Histoire de chats

Storny

Il y a quelques années, ma vie a basculé. De bon matin, des hommes ont pénétré dans la demeure où je résidais. Ils ont tout emporté ou presque. Je suis resté seul, interdit, terrorisé. Heureusement, ce même huissier, qui était venu tout prendre, ne m’a pas abandonné.

Sans relâche, il a téléphoné à de nombreuses associations de protection animale, mais toutes ont refusé de m’héberger, sans doute parce que j’étais trop vieux… Sauf Droit de Vivre ! Ce jour-là, l'huissier et l’association m’ont sauvé. Depuis, j’ai découvert la joie de gambader librement dans le parc avec mes compères et de profiter du soleil de longues heures durant.

Aujourd’hui, Storny, notre mascotte nous a malheureusement quitté mais nous gardons pour toujours son souvenir dans nos cœurs.


L’accident de voiture

Nous sommes en décembre, un appel de détresse est lancé à l’ensemble des refuges de la région : Un terrible accident de voiture vient d’avoir lieu. Les parents, inconsolables, viennent de perdre leur fils... Le choc de l’accident a également fait voler en éclat les cages des quatre chats, qui, affolés, se sont enfuis.
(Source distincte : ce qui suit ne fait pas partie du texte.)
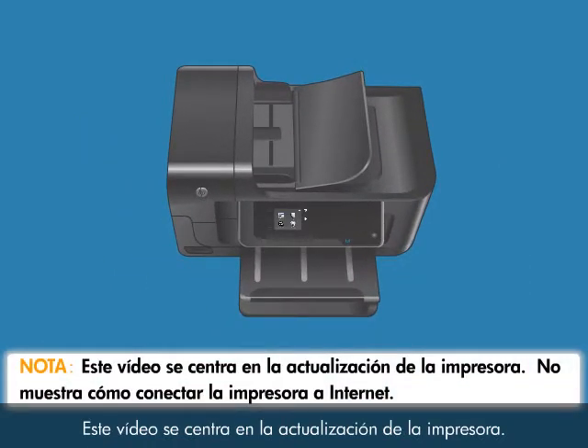The focus of this video is on updating your printer. It does not show you how to connect your printer to the internet.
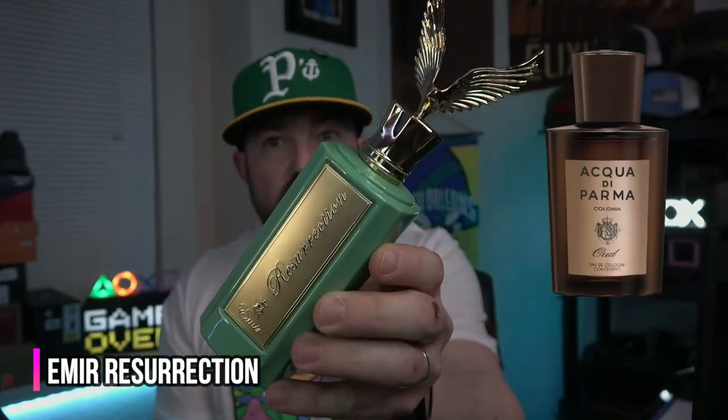What's going on guys? In this video we're going to be talking about one that is surprisingly enjoyable — it's a little funky and very animalistic. It is a clone fragrance. From Paris Corner in the Emir line, this is called Resurrection. It is a clone of Acqua di Parma's Colonia Oud. Got a lot to say about this one, so stay tuned.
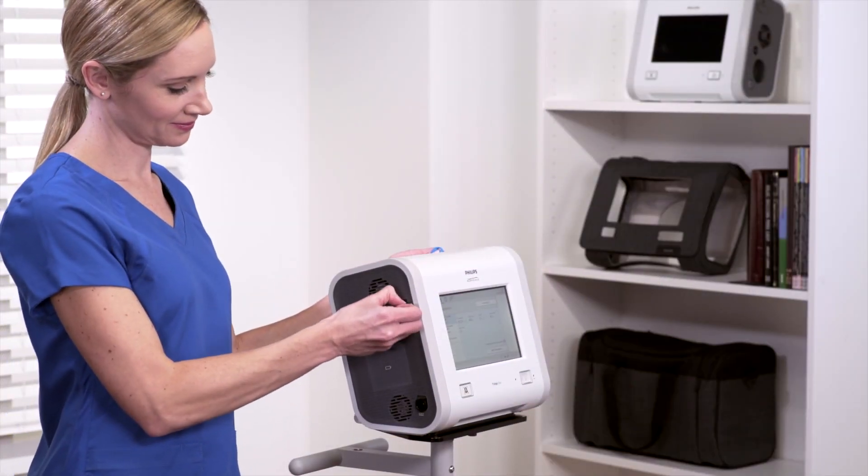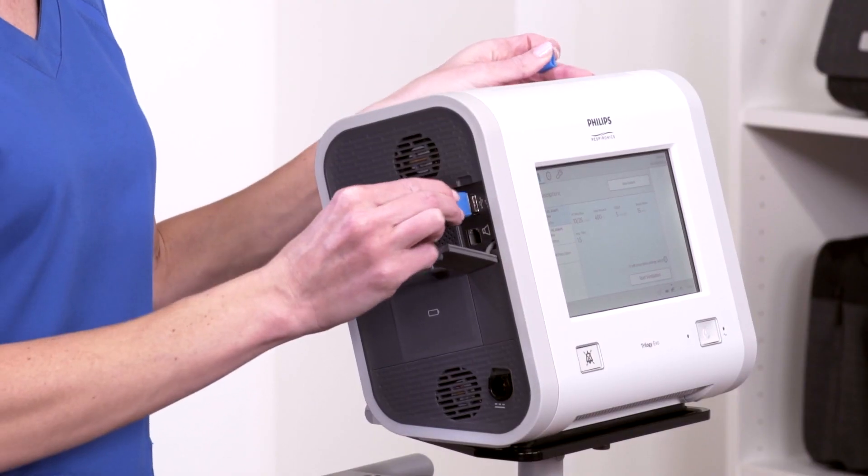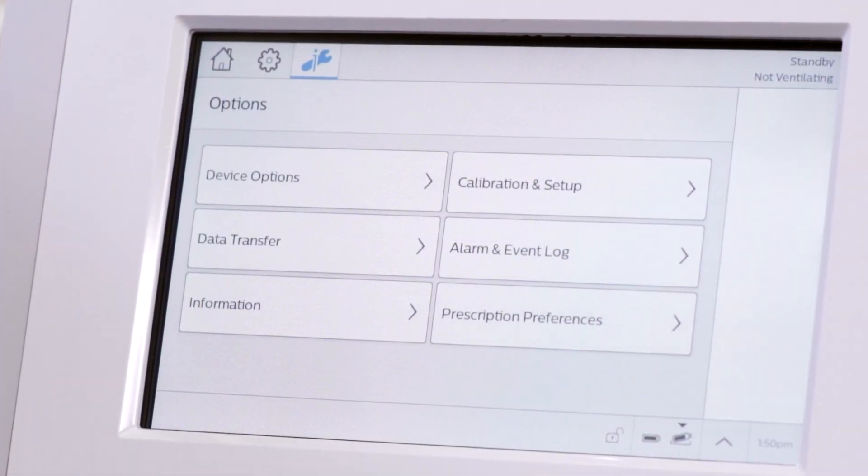The USB port is also used with a USB stick for data downloads and software updates. This is accessible via Options and then Data Transfer.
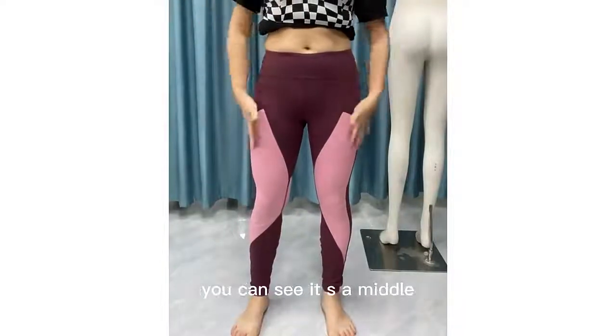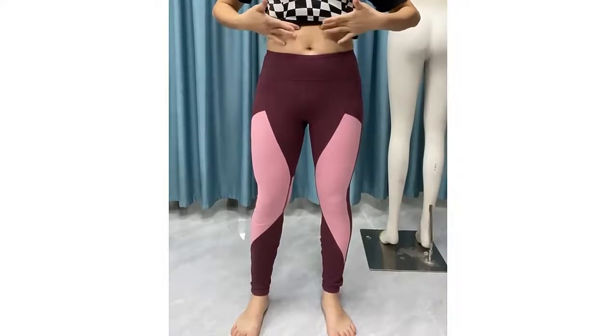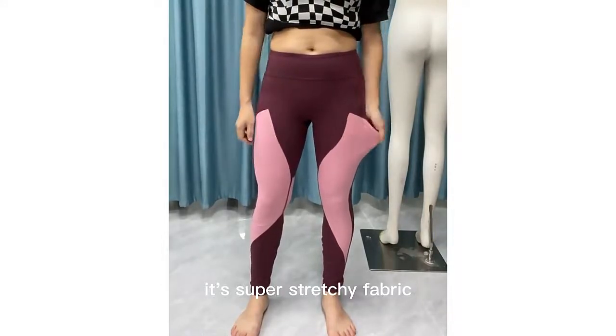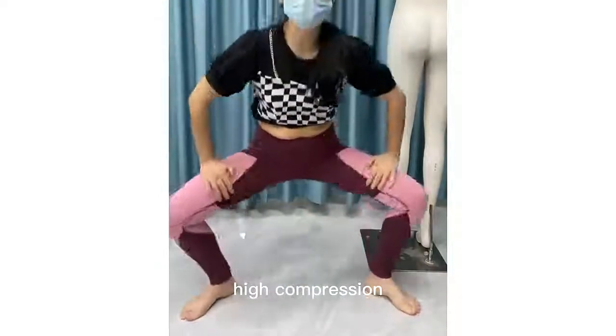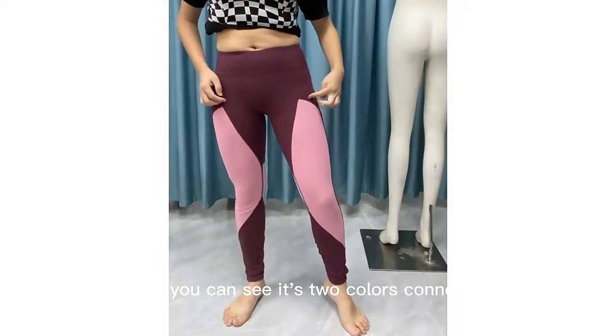This is my skirt, as you can see it's a middle waistband. If you like, we can make it higher or lower. It uses a very stretchy fabric — very straight even if you do any sports. As you can see, it's a big two-color design.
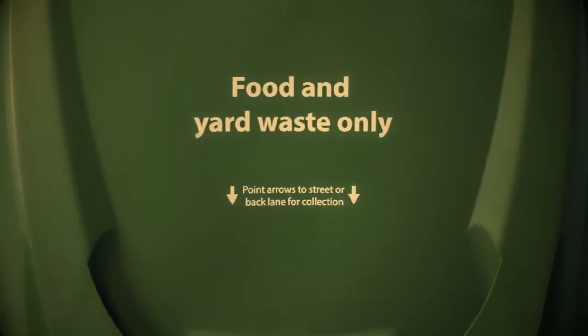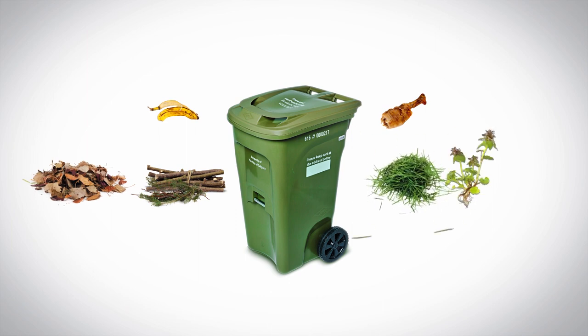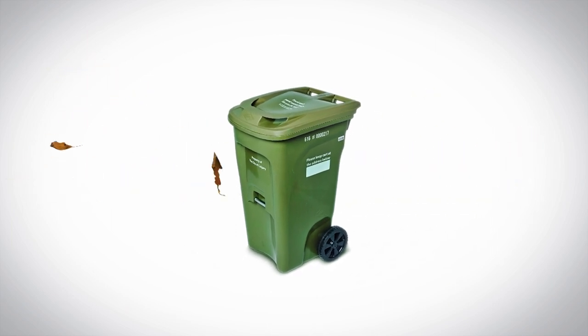Hey Calgary, let's compost right! Along with your food scraps, put your leaves, branches, grass, weeds, and other yard waste right into your green cart.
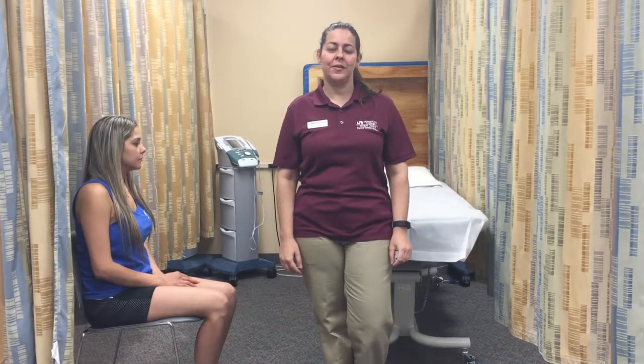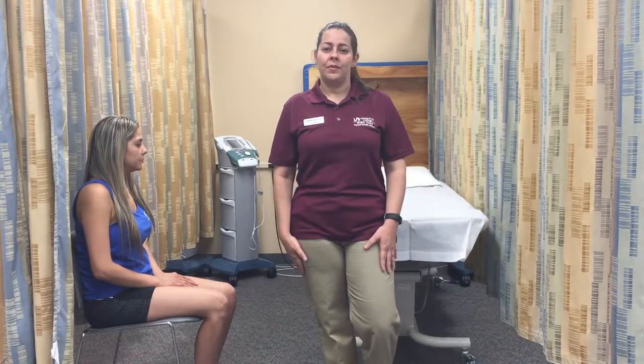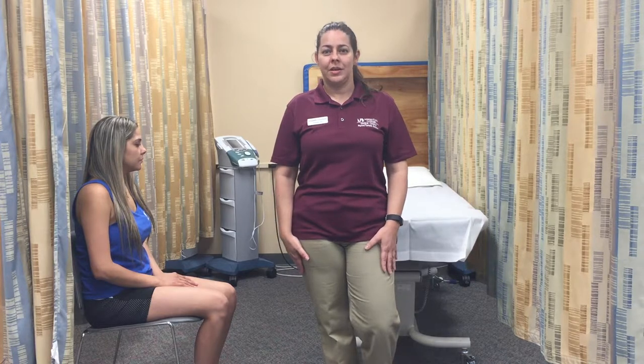Hello, my name is Johanna Velazquez. I'm a physical therapist assistant student here at Miami Dade College. Today I'm going to be performing a measurement of the range of motion of the abduction of the shoulder. According to the AAOS, the normal range of motion of the abduction is 180 degrees.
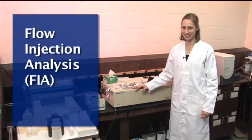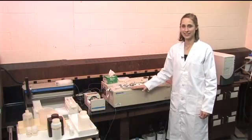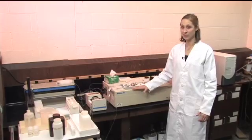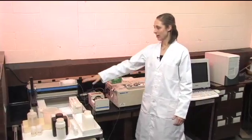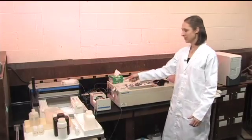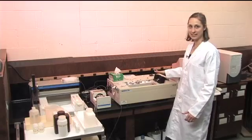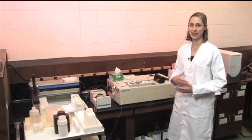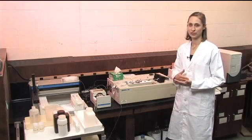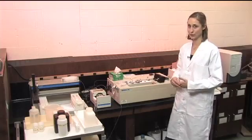This instrument is a flow injection analyzer, or FIA, and what it does is it automates some of the processes associated with normal wet chemistry. It will automatically pick up the samples, mix them with all the reagents, and then this is the detector. As long as what you're analyzing for reacts to form a color that is proportional to the concentration in the solution, you can use this to analyze for it.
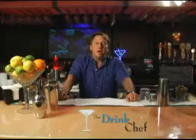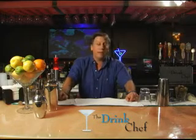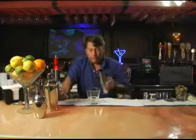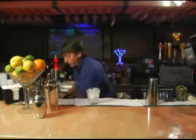Hey, Blake here. Right now I want to show you a nice old-school cocktail called the White Russian. The White Russian is served in a bucket glass full of ice. We'll build this drink directly into the serving glass.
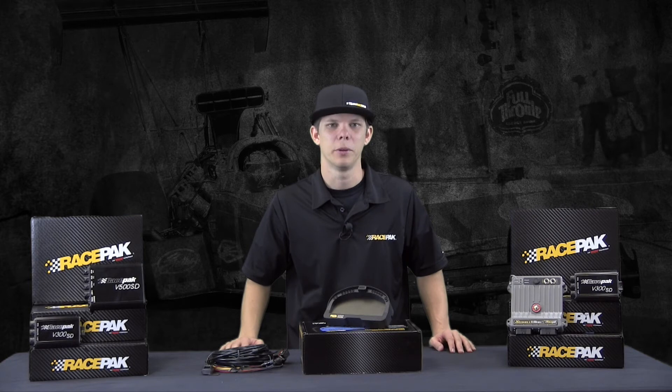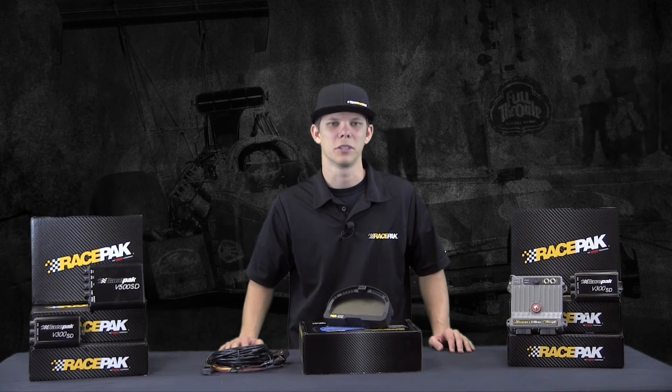Some of the other cool new features that the IQ3 Drag Dash offers are the ability to connect with over 20 different EFI systems, allowing you to monitor and record with streaming from your ECU. These inputs do not count as any additional channels — so if your Holley, Big Stuff, or Fast, to name a few, stream 20 outputs, they will not interfere with any additional VNet sensors you may be adding or running in conjunction with the built-in sensors of the unit.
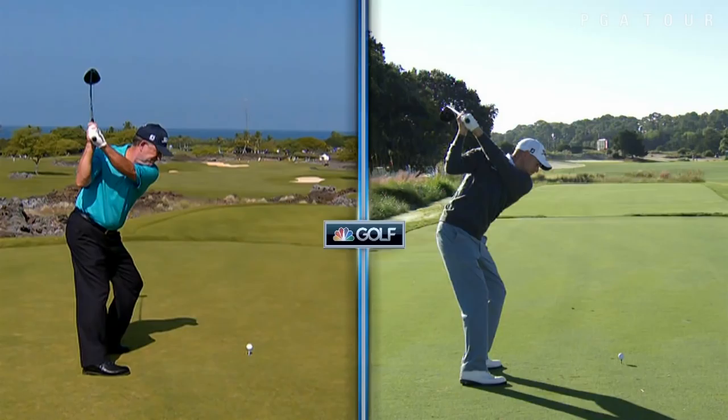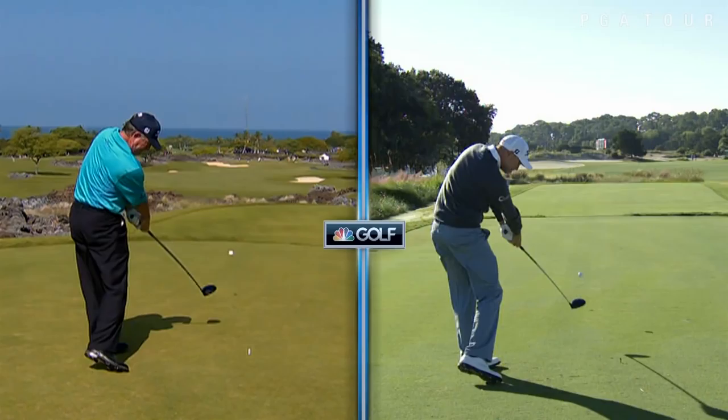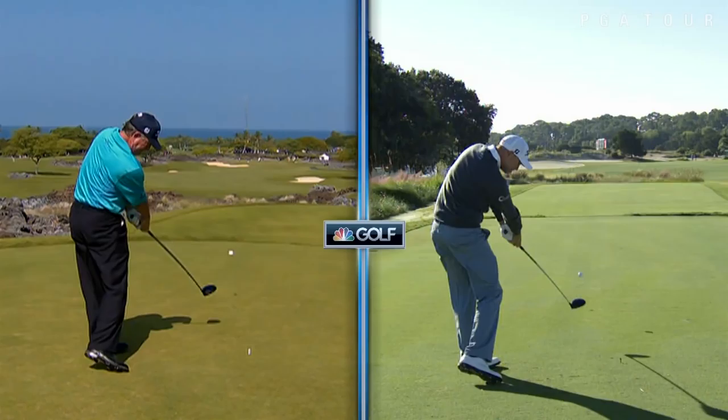Look at that lovely position there — he drops it down a little bit on the inside, but dad's a little bit on the outside. But it's all about delivering it at impact. Look at the follow-throughs — very similar, both with great tempo.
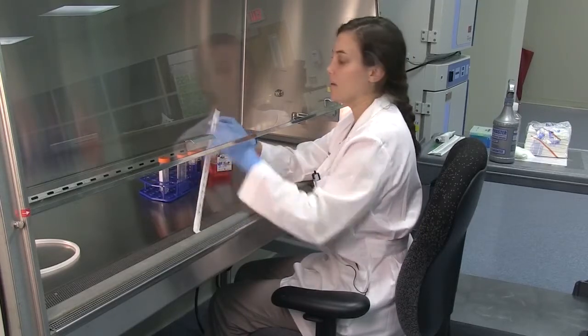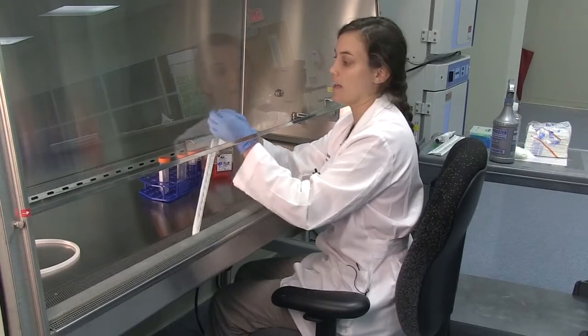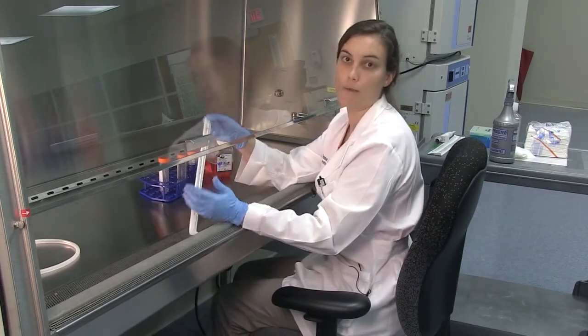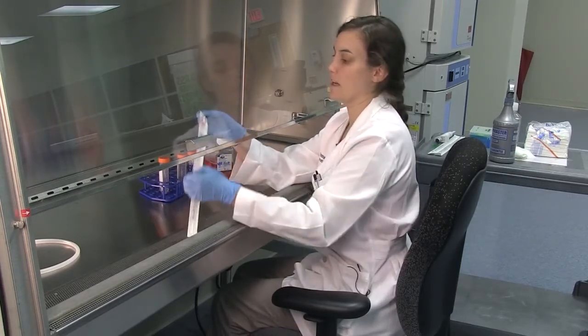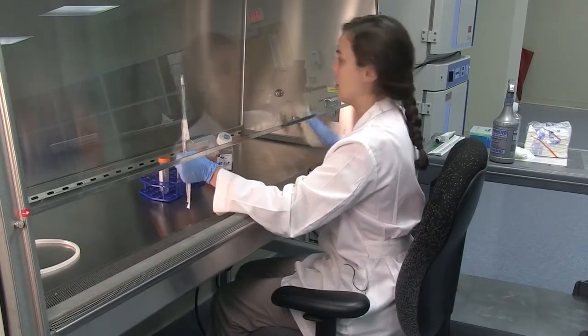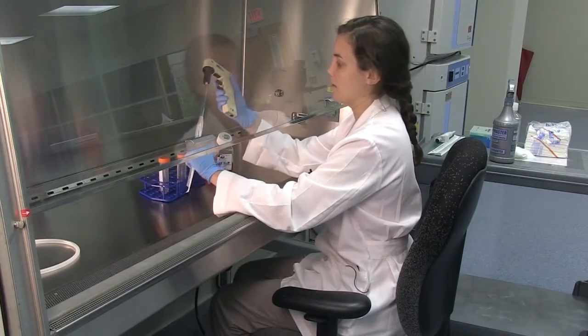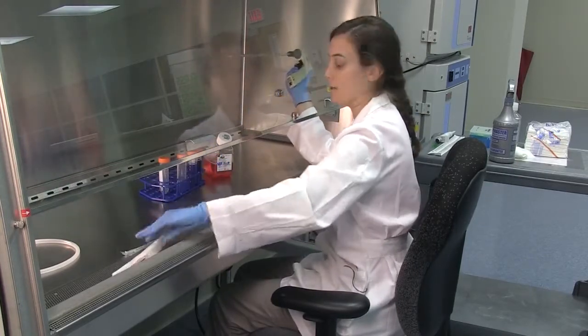When opening the pipette, make sure you're not touching anything with your hands. Everything inside the package is clean and you want to maintain that, so open it carefully without touching the pipette. Then attach your pipettor and discard the wrapper.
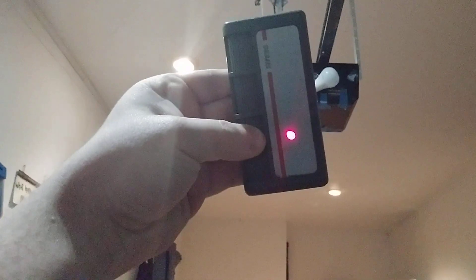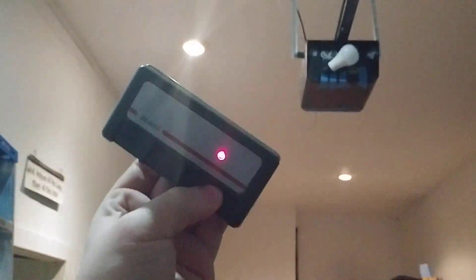I wanted to show you an issue with the Sears and see if you guys can help me. As you can see, my remote's not working. But if I take something like this pole and hit the back of the logic board, and then hit the button —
La présidente de « Droit de Vivre », Gilberte, part à la recherche des chats accompagnée de deux bénévoles. L’aventure débute sur le lieu de l’accident. La route et les champs alentours sont scrutés. De la nourriture est déposée en bordure de route. Au bout de quelques jours un faible miaulement se fait entendre. Une petite chatte encore en état de choc finit par se laisser approcher. Sans relâche, les membres de l’association sont venus tous les jours afin de retrouver les autres chats. Un deuxième a été repéré dans un arbre. Puis un troisième, les jours suivants. Les chats, encore terrorisés ne se sont laissés approcher que par leurs maîtres, revenus par amour pour eux sur les lieux de l’accident. Quant au quatrième chat, après plus de deux mois et demi de recherche, il restait introuvable.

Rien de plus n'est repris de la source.